Data for processing START

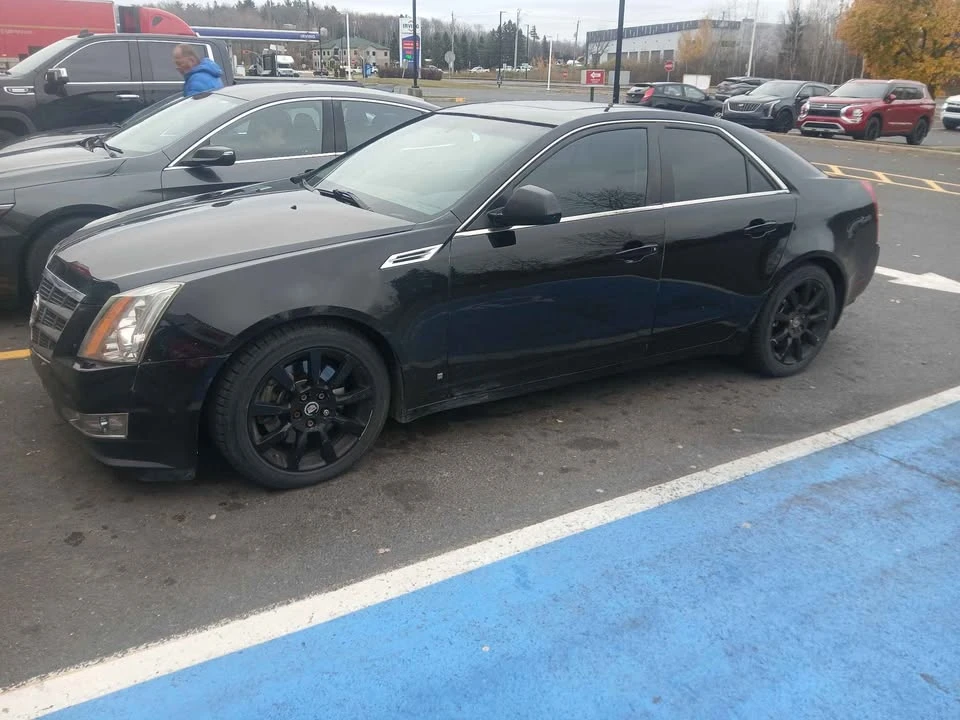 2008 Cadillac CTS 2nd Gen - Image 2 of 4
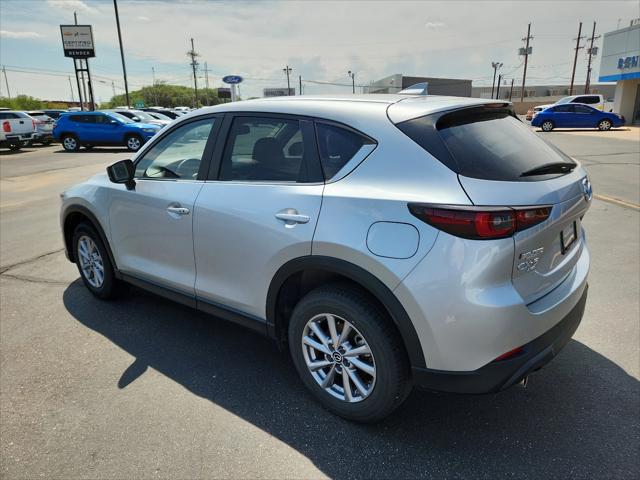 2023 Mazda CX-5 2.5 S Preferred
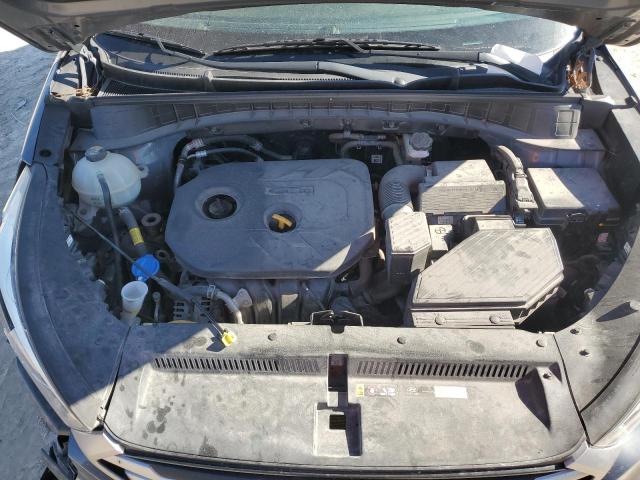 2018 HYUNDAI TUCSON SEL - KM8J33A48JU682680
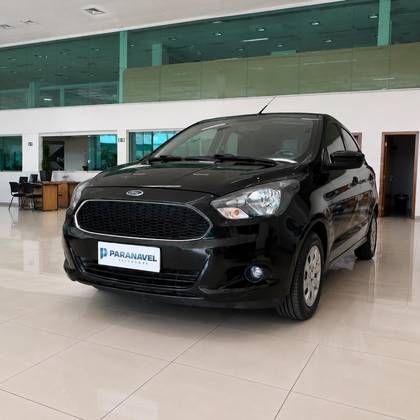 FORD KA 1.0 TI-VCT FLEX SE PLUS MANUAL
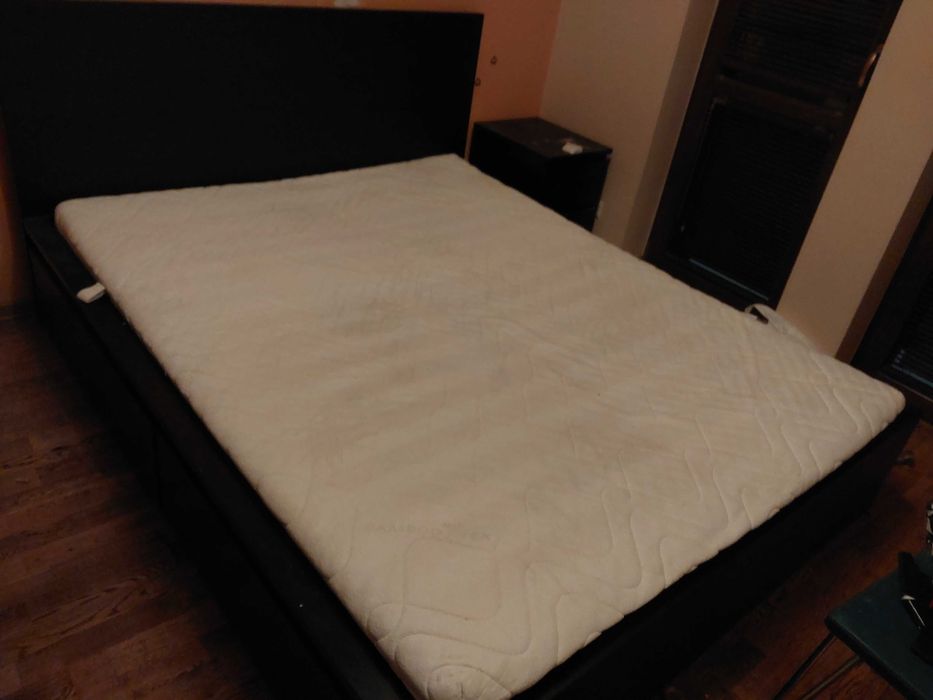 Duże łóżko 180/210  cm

Data for processing END
Data for processing START

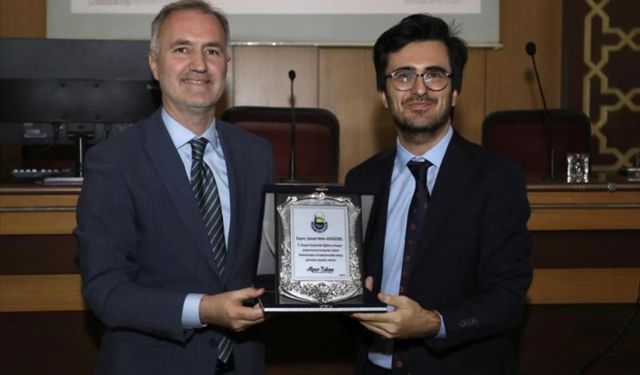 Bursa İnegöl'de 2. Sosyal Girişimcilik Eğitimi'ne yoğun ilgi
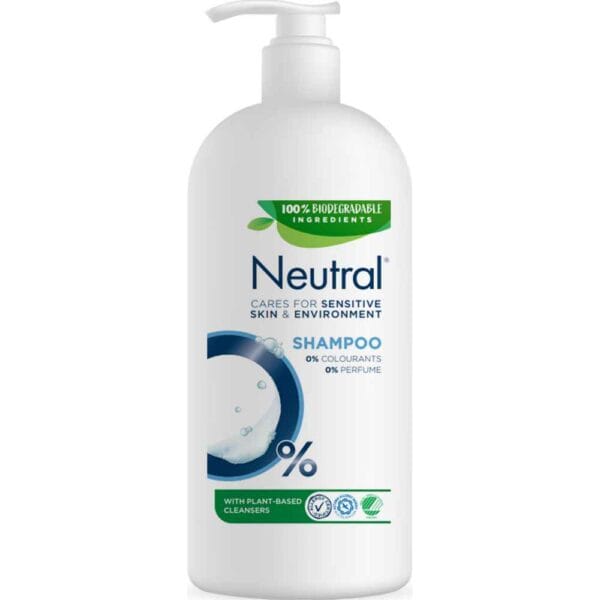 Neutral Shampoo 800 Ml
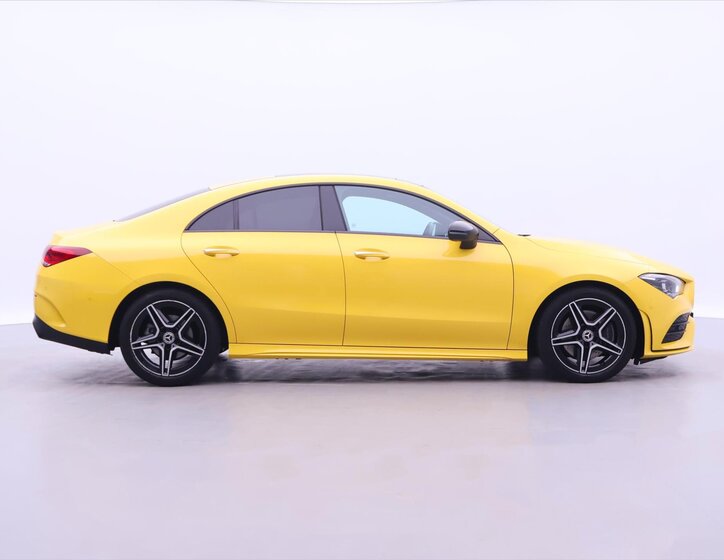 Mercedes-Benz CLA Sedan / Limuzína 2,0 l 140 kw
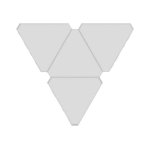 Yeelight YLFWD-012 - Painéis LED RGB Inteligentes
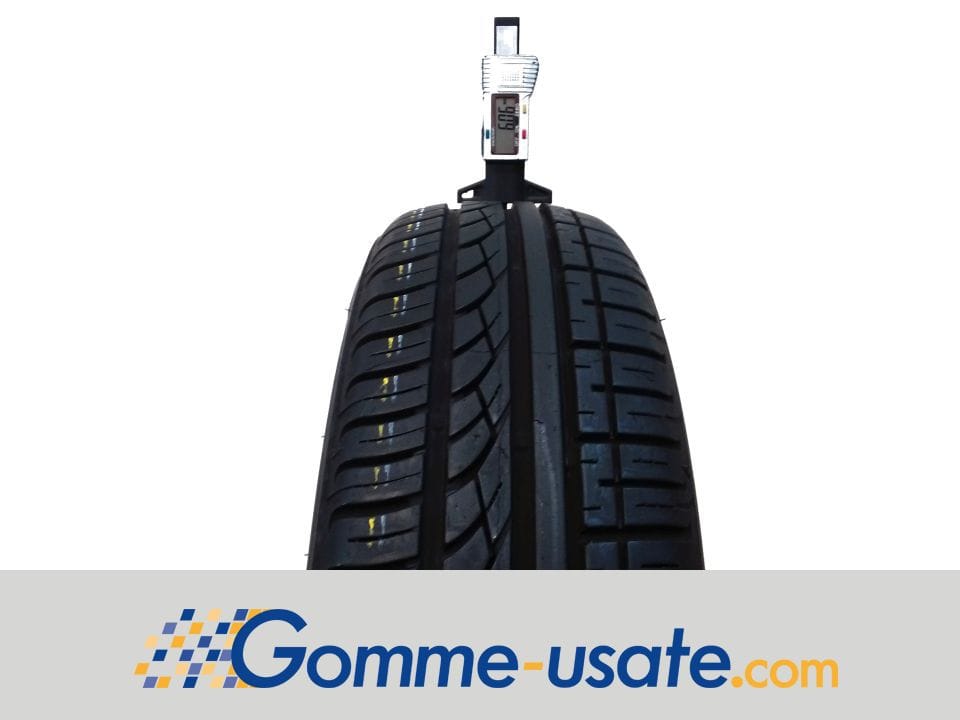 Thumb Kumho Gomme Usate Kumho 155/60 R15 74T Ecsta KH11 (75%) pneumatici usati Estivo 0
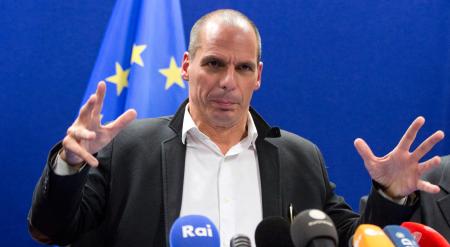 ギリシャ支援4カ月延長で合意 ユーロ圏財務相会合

Data for processing END
Data for processing START

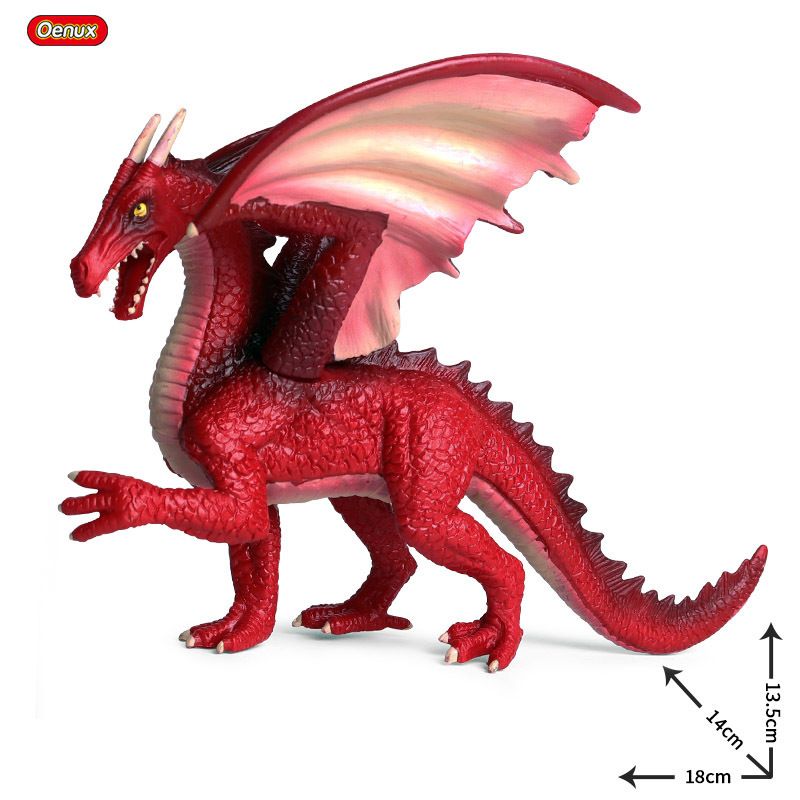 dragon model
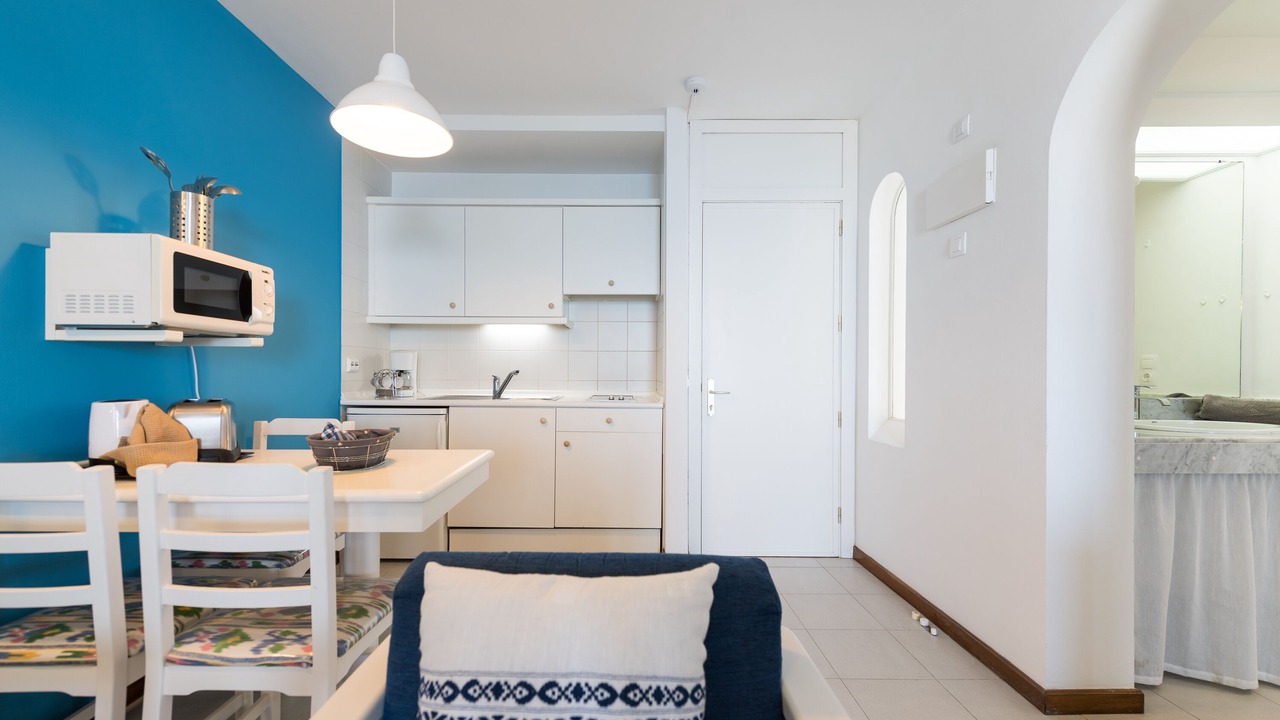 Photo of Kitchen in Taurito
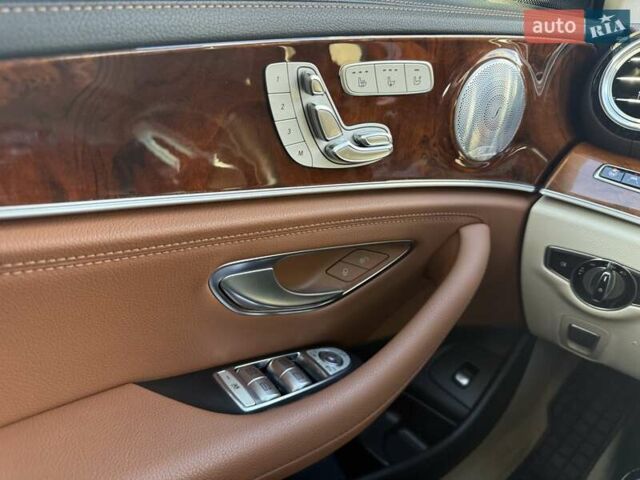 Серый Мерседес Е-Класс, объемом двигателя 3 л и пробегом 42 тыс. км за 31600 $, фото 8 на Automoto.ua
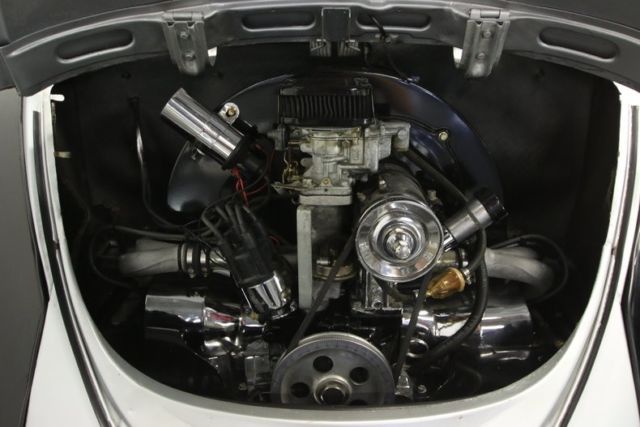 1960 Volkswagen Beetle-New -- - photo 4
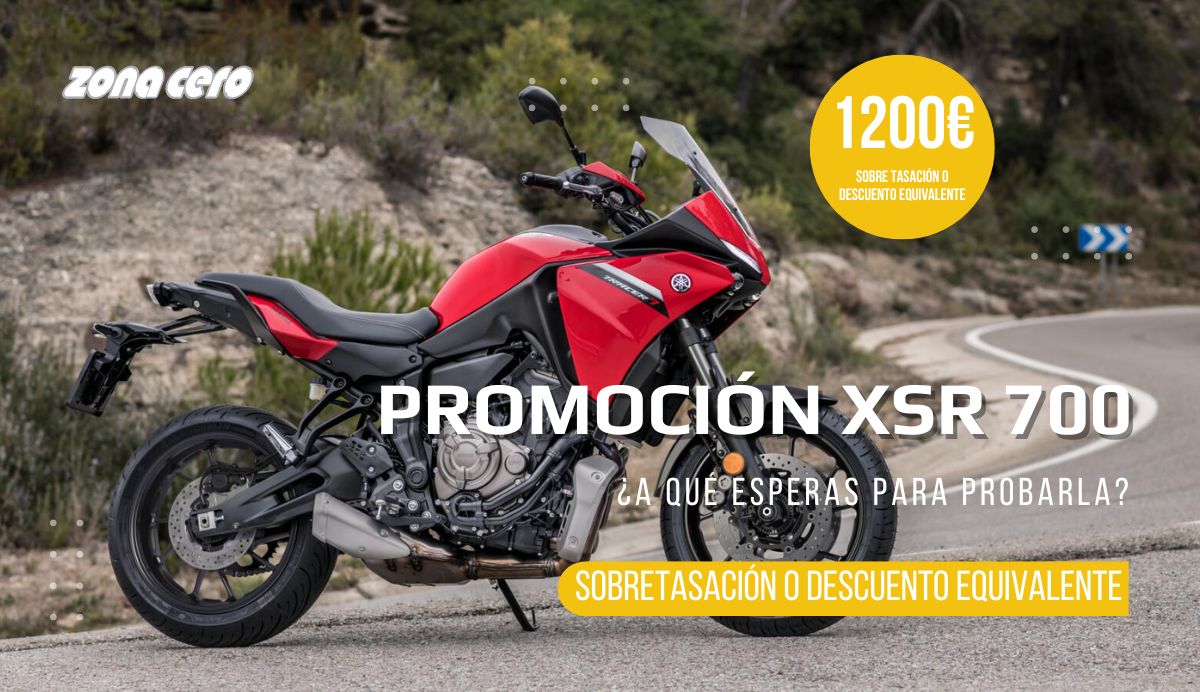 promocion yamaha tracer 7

Data for processing END

Exercise objective. Print, exactly, each line above from the one with "2023 Mazda CX-5 2.5 S Preferred" to the one with "Duże łóżko 180/210", end lines included. Leave pictures out of it.

Exercise solution.
 2023 Mazda CX-5 2.5 S Preferred
 2018 HYUNDAI TUCSON SEL - KM8J33A48JU682680
 FORD KA 1.0 TI-VCT FLEX SE PLUS MANUAL
 Duże łóżko 180/210  cm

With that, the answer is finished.